Pienso en nuestros antepasados quienes vivían y sobrevivían acosados por toda suerte de enfermedades y pestes mortales.
En nuestros tiempos pese a que nos siguen inquietando males como el cáncer, ya no nos atormentan como regueros de muerte el tífus, la tuberculosis y una larga lista de terribles amenazas de antaño. Hasta que, de súbito, se nos apareció hace algunas décadas entre otros, el sida y ahora último el ébola.
Imagino a los habitantes de entonces, aterrorizarse ante la sola palabra cólera que era sinónimo de una pronta visita sin regreso al cementerio.
Aunque de dimensiones bastante más acotadas, el tal ébola nos envuelve en el marco de una vulnerabilidad presumible, por lo cual celebro el toque de humor que generalmente emana en medio de circunstancias de preocupación.

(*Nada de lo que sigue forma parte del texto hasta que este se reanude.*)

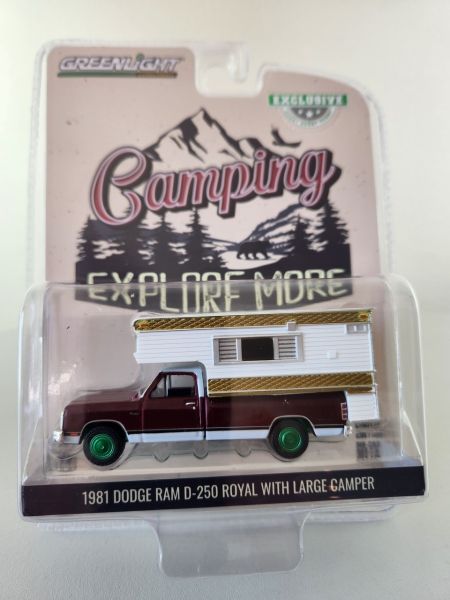 GREEN30409VERT - DODGE Ram D-250 Royal Red Pickup 1981 con grande camper Cerchioni Verdi della serie CAMPING in blister - 1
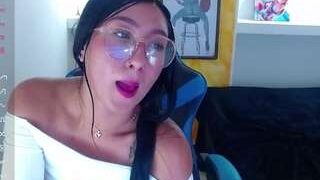 miaa-scott nude on sex cam in XXX Live Sex Chat Room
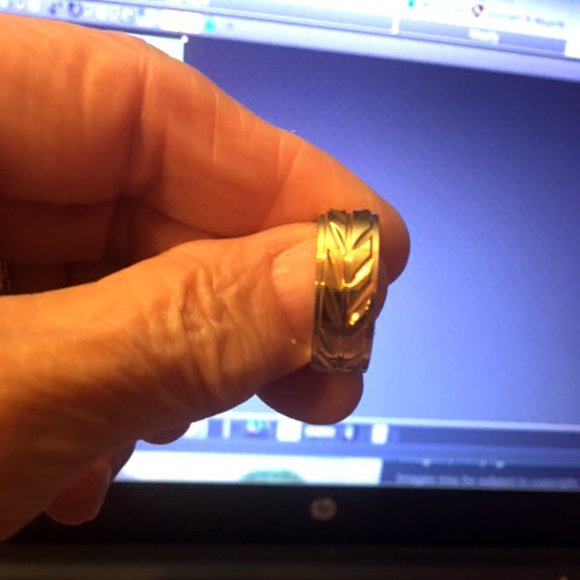THE OLIVE LEAVES GOLD RING SYMBOL OF PEACE & LOVE from NOAH's ARK HIS/ HERS NEW - Picture 4 of 4
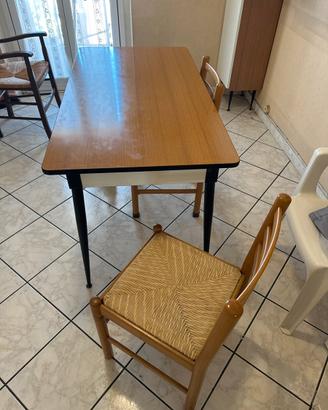 Tavolo con cassetti e 4 sedie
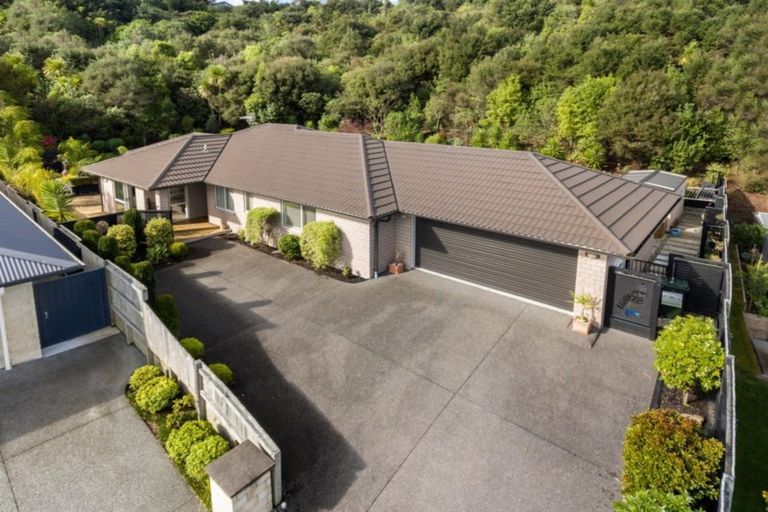 Photo of property in 22 Ellesmere Close, Pyes Pa, Tauranga, 3112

A mis amables lectores del extranjero trascribo la historia, sin saber si la recibimos de alguna latitud lejana o cercana o si nació en nuestro suelo.
El hecho es que un señor aduce estar enfermo de débola y no de ébola. Ante las demostraciones de estupor de su interlocutor, el afectado de débola se explica:
Claro. Débola la luz, débola cuenta del gas, débola del agua, débola del colegio de los niños, débola del crédito bancario vencido, en suma padezco de débola.